Another component of those laws are Currency Transaction Reports (CTRs). If you accept a payment of more than $10,000 in cash, you’re required to complete a CTR. A CTR is used by a bank or other financial institution. There’s a special form for a casino (Casino Currency Transaction Report). If you’re in a trade or business, and you accept more than $10,000 in cash as a payment (say you’re an automobile dealer, and you receive a $15,000 cash payment for a car), you must fill out Form 8300.

Let me relate a horror story that a tax attorney told us at last week’s SuperSeminar. A businessman runs a chain of laundries, and receives a lot of cash. He ends up depositing $18,000 each night. So he takes the money to his local bank, deposits the money, and waits the extra 30 – 45 minutes for the bank to fill out the CTR. The “helpful” teller tells the businessman, “If you deposited $9,000 twice a day, I wouldn’t have to complete the CTRs and you would be out of here much faster.” So the businessman now makes deposits twice daily. Problem solved, right?

Well, one problem was solved, but another blossomed. By making multiple deposits of cash daily, it appeared that the businessman was structuring his deposits. Structuring is a crime if you deliberately change your banking to avoid federal reporting requirements. The bank generated a Suspicious Activity Report (SAR) on the businessman’s cash deposits. The bank is not allowed to tell the customer that a SAR has been generated. The businessman didn’t know anything was wrong until two armed federal officers knocked on his door, and started telling him, “You have the right to remain silent,….”

Eventually, after hiring a tax attorney, and spending quite a bit of money, the businessman got the charges (felonies) dropped.

The IRS investigates many SARs that are filed; they don’t look at nearly as many CTRs. And it’s easy to see why that’s the case. Over 15.3 million CTRs were filed by financial institutions in 2004 (an additional 737,000 CTRs were filed by casinos, and 162,000 Form 8300s were filed). But only 536,000 SARs were filed by financial institutions in 2004.

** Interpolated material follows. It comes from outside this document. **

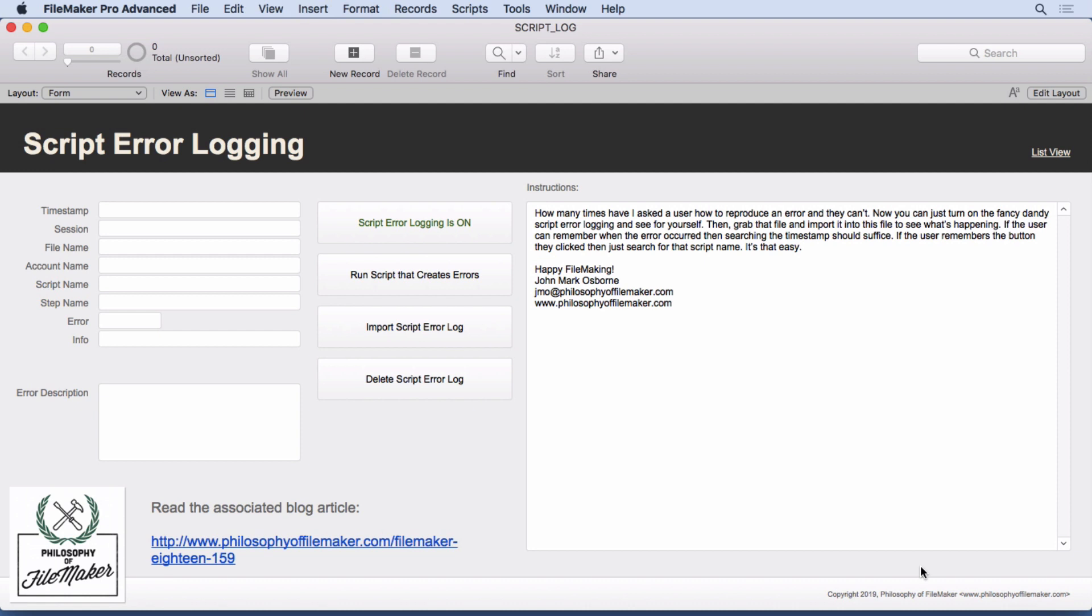Have you ever had a user report a bug they couldn't reproduce? It happens to me all the time. Somebody comes to me and says, hey, this problem happened. I say, show me. They try to show me and it doesn't happen.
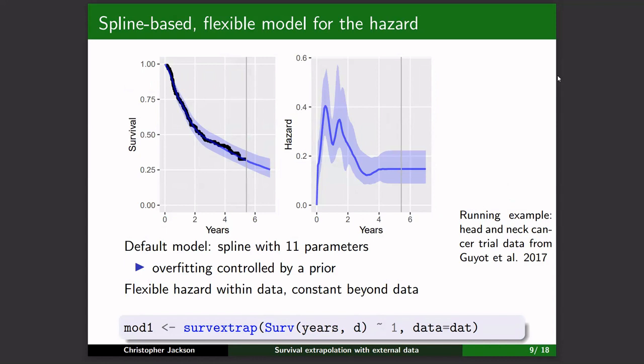Here's the basic standard model it fits. We have survival data, and the aim is to fit it as well as possible — just short-term fit using a spline-based bendy line. The example is from a paper by Geo et al., a head-and-neck cancer trial data set. This is the fitted hazard function — those wiggly lines based on a spline. The R syntax is at the bottom: you use the SURV formula, stick in your data, and fit the model.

So what’s the moral of this tale? File your information reports (TD F 90-22.1) and don’t structure your transactions. Indeed, if you deposit $9,000 in cash twice daily, you may want to change your deposits so that one of your deposits is over $10,000 each day.

PayPal Users Better Watch Out

Wednesday, April 12th, 2006

The digital age has spawned numerous successful companies and industries. One industry that did not exist ten years ago is online auctions, such as those on eBay. A company that sprung up to facilitate payment transfers for eBay is PayPal. In fact, eBay bought PayPal a few years ago.

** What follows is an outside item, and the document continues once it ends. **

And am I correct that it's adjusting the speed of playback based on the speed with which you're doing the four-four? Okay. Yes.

The benefits of using PayPal are obvious—buyers and sellers can easily transfer money to one another. The money flows readily. PayPal can also be used to transfer money from the US to anywhere. And the IRS wants to know about that.

The US has some very stringent money laundering laws. If you have a foreign bank account, and you have $10,000 or more in it at any time during the year, you must report it on Schedule B of Form 1040 and by filing Form TD F 90-22.1 with the Department of the Treasury. Now, do you really believe that all of the people who use PayPal to transfer money have been doing this?

I don’t, and the IRS concurs. Indeed, the IRS announced last year that they were looking at PayPal payments. Yesterday, the IRS won approval in federal court to obtain information on Americans who sent money to bank accounts or credit cards in thirty foreign countries considered tax havens.